Retr0id · on March 15, 2024

The more advanced your predictor is, the slower your compressor gets. OP has 600 Million moves to encode, how long does it take to ask Stockfish for its opinion on 600M board states? (and then again, every time you want to decompress) (not a rhetorical question btw, I know little about chess engines)

I suspect the sweet spot here would be to use a much worse chess engine for the predictions, giving faster compression/decompression at the expense of the compression ratio.

marcusbuffett · on March 15, 2024

Your intuition here is right on the money.
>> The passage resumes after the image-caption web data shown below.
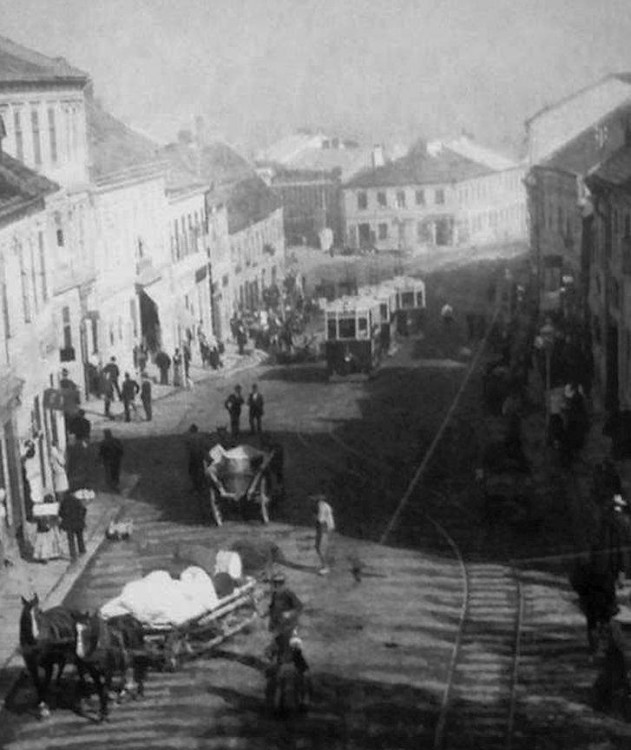 Dnešní Havlíčkova ulice, horní pohled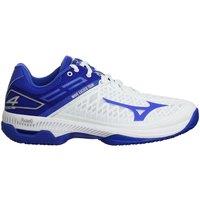 Mizuno Women's Lace-Up White Synthetic Trainers | Size: 6.5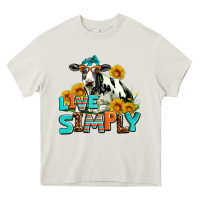 Cream live simply Heavy Core Tee - AdoDesignShop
I wrote a subsequent post with pretty much that exact approach: https://mbuffett.com/posts/compressing-chess-moves-even-furt...

gus_massa · on March 15, 2024

I almost agree, but as other comment says, it's probaby better to use the StocFish points to generate a probability and then use Huffman encoding.

Retr0id · on March 15, 2024

You'd probably want to use something like CABAC rather than Huffman, since it deals better with dynamic probabilities. https://en.wikipedia.org/wiki/Context-adaptive_binary_arithm...

gus_massa · on March 15, 2024

It looks like a very interesting comparison. I still not sure how to tranform StockFish points to probabilities. (Perhaps proportional to exp(-difference/temperature), where temperature is a magical number or perhaps it's like something/elo??? There are too many parameters to tweak.)

Retr0id · on March 15, 2024

Given OP's dataset, you could probably figure out how to map them, experimentally (e.g. by making a histogram)

gus_massa · on March 15, 2024

I was imagining downloading the lichess database and trying different strategies to compress it, It's too much work for me, but I'd love to read a blog post if somsome does that.

V-2 · on March 15, 2024

> Use StockFish to predict the next move, and only store the diff between the actual move and the prediction.

This ties the algorithm down to one specific version of Stockfish, and configured identically (stuff like the hashtable size etc.), because all such factors will have an impact on Stockfish's evaluations. One factor changes, and you can't decompress the backup.